Ale nie tylko to przemawia na korzyść rynku apartamentów premium. Charakteryzuje się on dużo mniejszą liczbą inwestycji niż segment popularny. To potęguje poczucie wyjątkowości takich apartamentów i mieszkań, co przyciąga kupujących. Wreszcie, jak zauważają eksperci, w czasach niepewnej sytuacji gospodarczej zakup takiego mieszkania, położonego w bardzo prestiżowej lokalizacji, może okazać się najlepszą lokatą naszego kapitału.

– Jest w związku z tym dużo osób, które w odpowiedzi na obecną sytuację inwestują w nieruchomości premium. Kupno mieszkania stanowi jeden z najlepszych sposobów na zabezpieczenie przed inflacją – ceny nieruchomości historycznie przewyższały poziom inflacji o kilka punktów procentowych rocznie – podkreśla Piotr Tarkowski. Dodaje, że jest też dostępnych coraz mniej gruntów pod inwestycje premium, więc ich podaż jest limitowana. To powoduje, że ceny apartamentów są odporne nawet na spowolnienia gospodarcze czy kryzys.
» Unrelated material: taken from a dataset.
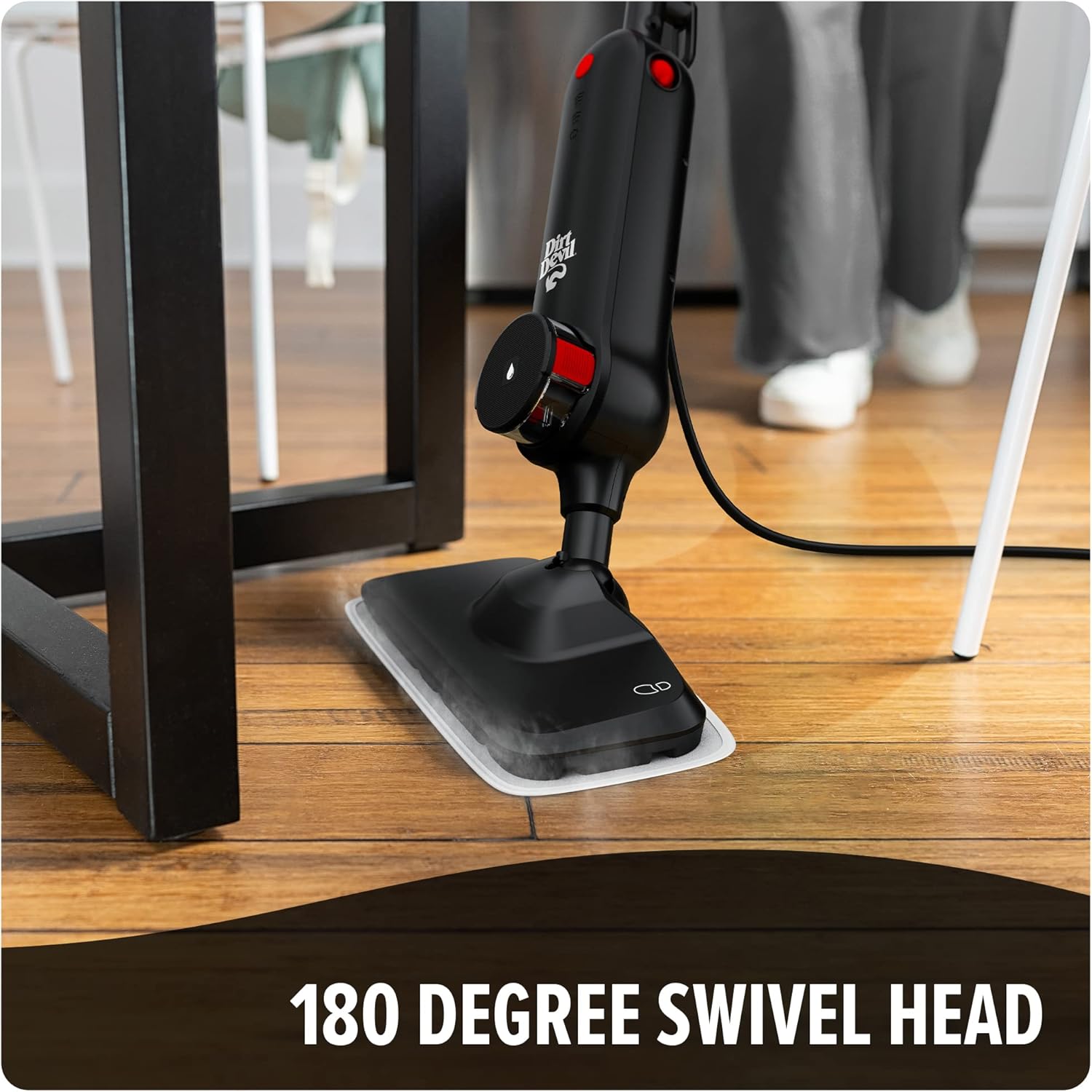 Dirt Devil Steam Mop, Hard Floor Cleaner Machine, 3-Mode Steam Cleaner Machine, Ready to Use in 30 Seconds, Ideal for Hardwood, Vinyl, Tile, Grout and More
– A im bardziej prestiżowa lokalizacja, wyższy standard wykończenia i wyposażenia lokalu, tym wyższy czynsz najmu. Oczywiście yeld nie musi być wyższy niż na rynku popularnym, ale wzrost wartości z inwestycji znacząco poprawia końcowy ROI. Dlatego klienci często wracają do nas po nowe produkty premium, budując w ten sposób swój portfel inwestycyjny – zaznacza.

– Wyjątkowe nieruchomości w interesujących lokalizacjach wyróżniające się ciekawym designem, materiałami, wysokością i charakterem przyciągają klienta dysponującego gotówką. Realizując projekty Żurawie w Gdańsku oraz Aroma Park Lofty na warszawskiej Białołęce, widzimy stałe zainteresowanie mieszkaniami o wysokim standardzie. Tutaj sprzedaż odbywa się wolniej, ale jej dynamika utrzymuje się na podobnym poziomie i jest bardziej odporna na zastój na rynku kredytów hipotecznych – mówi Tomasz Konarski, prezes YIT Polska.

Wciąż taniej niż na Zachodzie

Według danych JLL tylko w Warszawie ceny nieruchomości premium w ostatnich latach rosły przeciętnie o 6,2 proc. rocznie. Portal housemarket.pl szacuje natomiast ogólnokrajowy wzrost cen tego typu lokali na 10 proc. w skali każdego roku.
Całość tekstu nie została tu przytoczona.